Ben und Luisa können Gottvertrauen realisieren und gegen die destruktiven Folgen der Beschleunigungsgesellschaft angehen, indem sie sich überhaupt erst einmal einer christlichen Gemeinschaft öffnen. Jesus Christus selbst kann uns hier als Vorbild gelten. Jesus war nie einsam und beziehungslos. Entweder stieg er auf Berge, um mit Gott zu reden, oder ging in Dörfer und Städte, um unter Menschen zu sein. Einerseits war er in einer Gemeinschaft eingebettet, die seinen Glauben teilte, anderseits begegnete er vielen Menschen, die seinem Glauben skeptisch gegenüberstanden. Der christliche Glaube gründet im Wir, er macht nicht Halt bei einer Beziehung zwischen mir und Gott. Gott ist nicht nur ein Gott für einsame Stunden, sondern vor allem ein Gott des Vertrauens in der Gemeinschaft.Als Vorbild kann hier das Verhältnis zwischen Jesus Christus und Gott dem Vater gelten.
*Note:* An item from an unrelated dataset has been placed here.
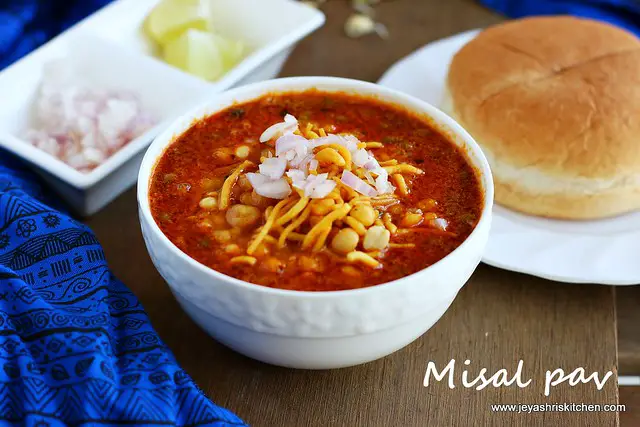 Mumbai misal pav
Beide treten nach christlichem Glauben als Einheit auf, wie es Jesus selbst bezeugt (Johannes 10, 24 – 38). Durch eine christliche Gemeinschaft könnten Ben und Luisa einen immanenten Ort der Gotteserfahrung und -beziehung finden. Die ersten Christen kamen jeden Tag zusammen, um Gott in Gemeinschaft zu begegnen (Apostelgeschichte 2, 42 – 47). Wir müssen nicht als Einzelgänger die Probleme unseres Alltages und der Welt lösen. Wenn Ben und Luisa das Vertrauen verlernt haben, können sie sich Unterstützung holen. Sie können von Christen lernen, wie diese in einer Beschleunigungsgesellschaft konkret leben. Wir sollten christlichen Gemeinschaften eine Chance geben, weil sie nicht nur fehlerhaft sind, sondern auch viel Gutes wirken. Ich konnte z. B. in meinem Leben lernen, was Heimat und Beziehung trotz unruhigen Zeiten bedeuten kann. Statt mich in virtuellen Welten und Depressionen zu verlieren, konnte ich anderen begegnen und davon erzählen, dass es sich lohnt zu leben.

Fazit

Ben und Luisa müssen als Menschen keine passiven Opfer der gesellschaftlichen Prozesse sein. Sie müssen sich dem Steigerungszwang nicht bedingungslos hingeben. Der christliche Glaube kann sie und uns aus der Sackgasse der steigenden Beziehungs- und Heimatlosigkeit führen. Er schenkt andere Maßstäbe als „Wachstum“, „Innovation“ und „Beschleunigung“. Er gründet auf einer zuverlässigen Beziehung, die den Anspruch hat, gerade in stürmischen Zeiten durchzutragen. Indem sich Luisa und Ben der christlichen Gemeinschaft öffnen, bleiben sie nicht bei sich stehen. Sie können trotz möglicher anfänglicher Skepsis wieder vertrauen lernen.